== Work instruction ==
Leave every image out, and print the remaining lines below exactly.

[Web page caption snippets]
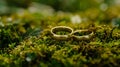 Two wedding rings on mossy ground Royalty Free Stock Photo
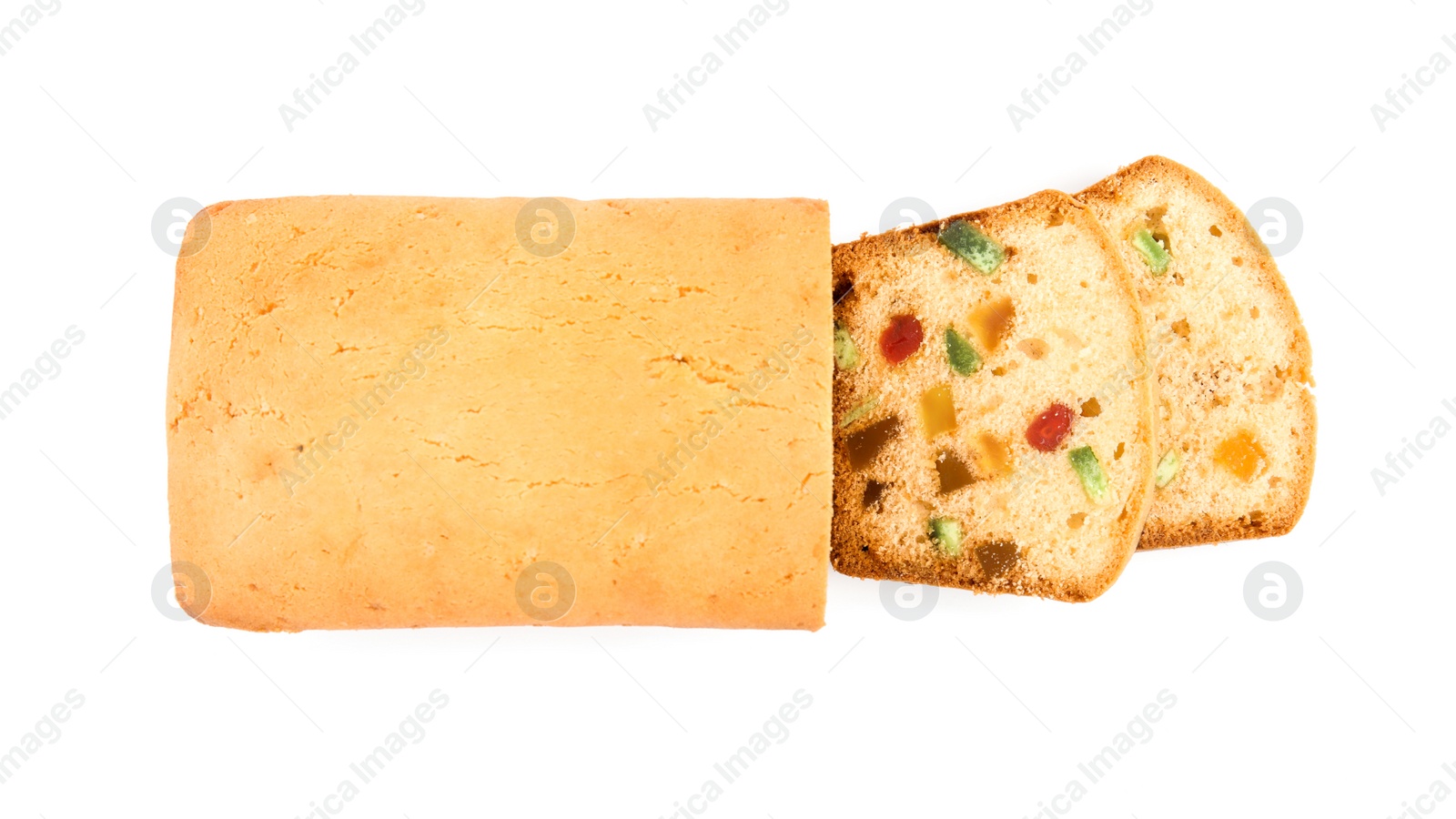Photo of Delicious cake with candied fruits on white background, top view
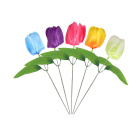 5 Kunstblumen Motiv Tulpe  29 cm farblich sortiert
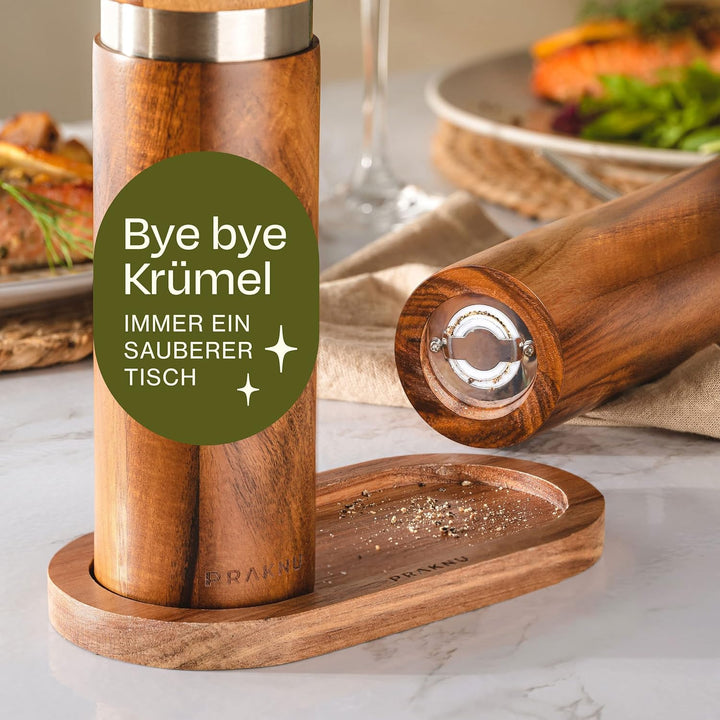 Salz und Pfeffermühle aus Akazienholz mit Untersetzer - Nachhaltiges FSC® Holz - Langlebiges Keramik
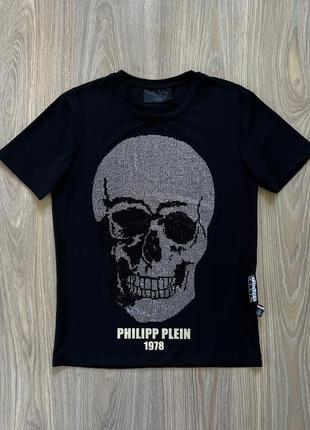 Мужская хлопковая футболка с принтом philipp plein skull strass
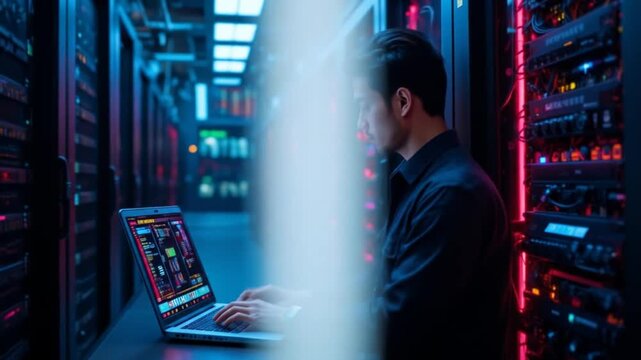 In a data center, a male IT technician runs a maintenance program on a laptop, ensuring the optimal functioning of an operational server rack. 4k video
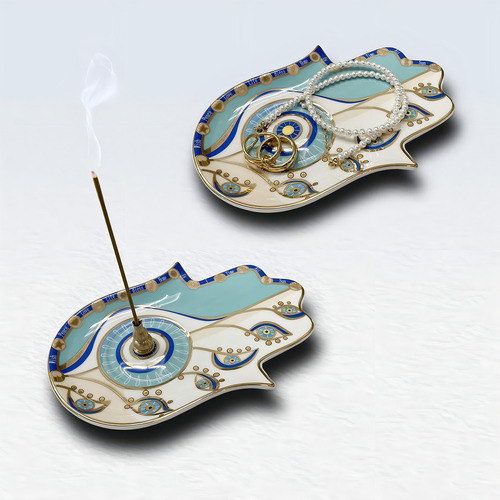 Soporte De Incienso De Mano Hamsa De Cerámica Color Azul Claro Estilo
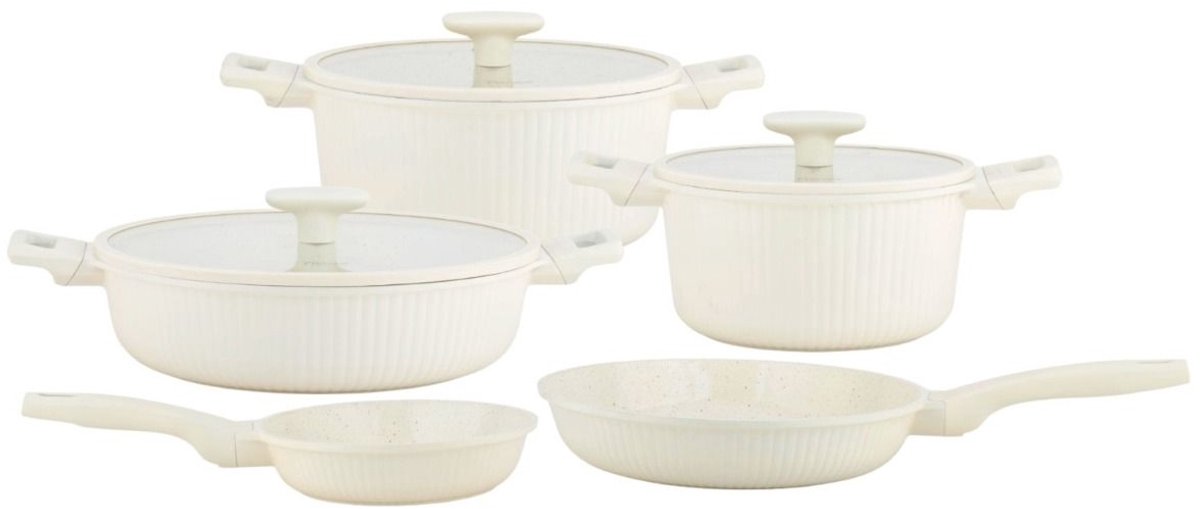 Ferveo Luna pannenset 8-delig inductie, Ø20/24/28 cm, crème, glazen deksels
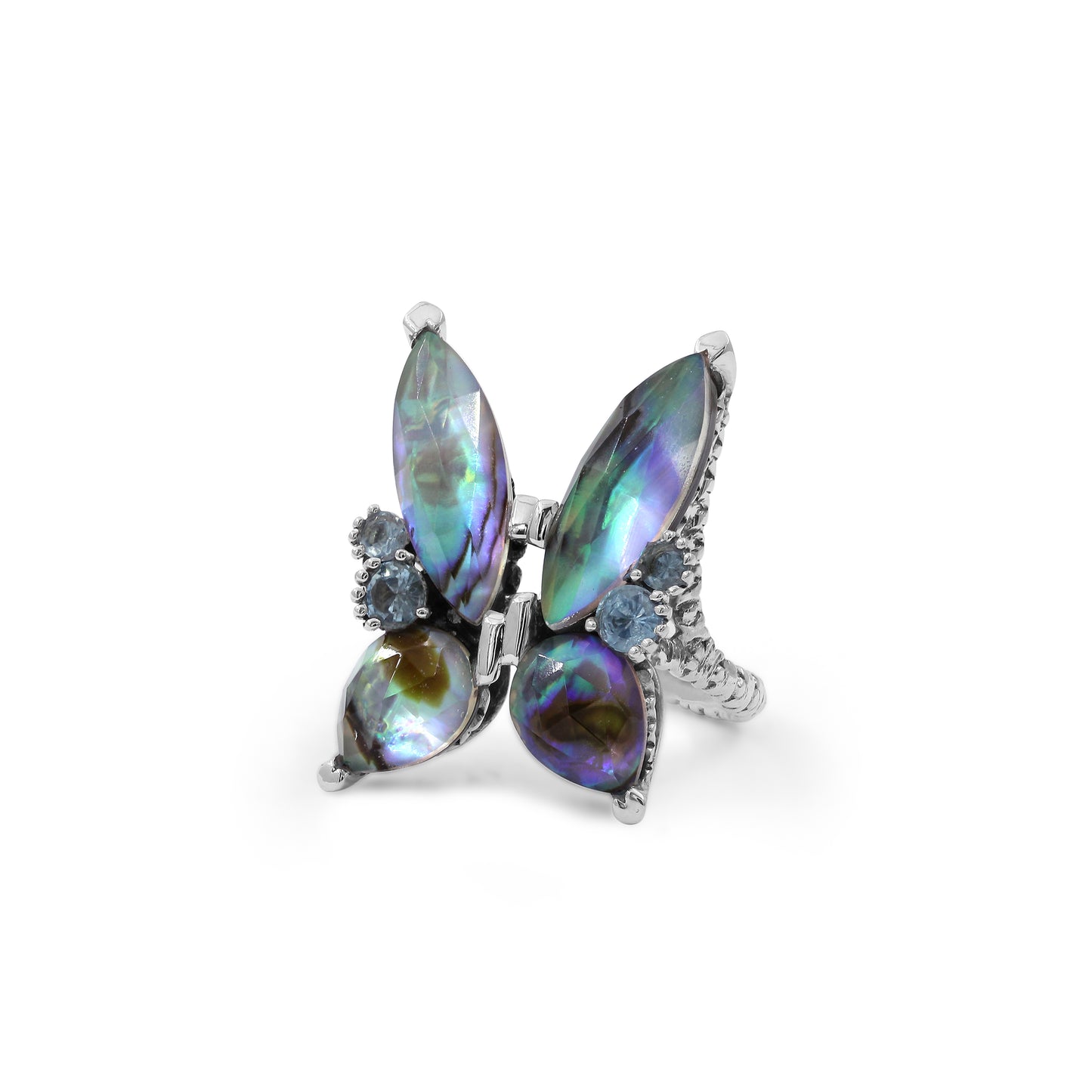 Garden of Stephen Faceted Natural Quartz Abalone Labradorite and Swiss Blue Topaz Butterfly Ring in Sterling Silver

== Expected answer ==
 Two wedding rings on mossy ground Royalty Free Stock Photo
Photo of Delicious cake with candied fruits on white background, top view
 5 Kunstblumen Motiv Tulpe  29 cm farblich sortiert
 Salz und Pfeffermühle aus Akazienholz mit Untersetzer - Nachhaltiges FSC® Holz - Langlebiges Keramik
 Мужская хлопковая футболка с принтом philipp plein skull strass
 In a data center, a male IT technician runs a maintenance program on a laptop, ensuring the optimal functioning of an operational server rack. 4k video
 Soporte De Incienso De Mano Hamsa De Cerámica Color Azul Claro Estilo
 Ferveo Luna pannenset 8-delig inductie, Ø20/24/28 cm, crème, glazen deksels
 Garden of Stephen Faceted Natural Quartz Abalone Labradorite and Swiss Blue Topaz Butterfly Ring in Sterling Silver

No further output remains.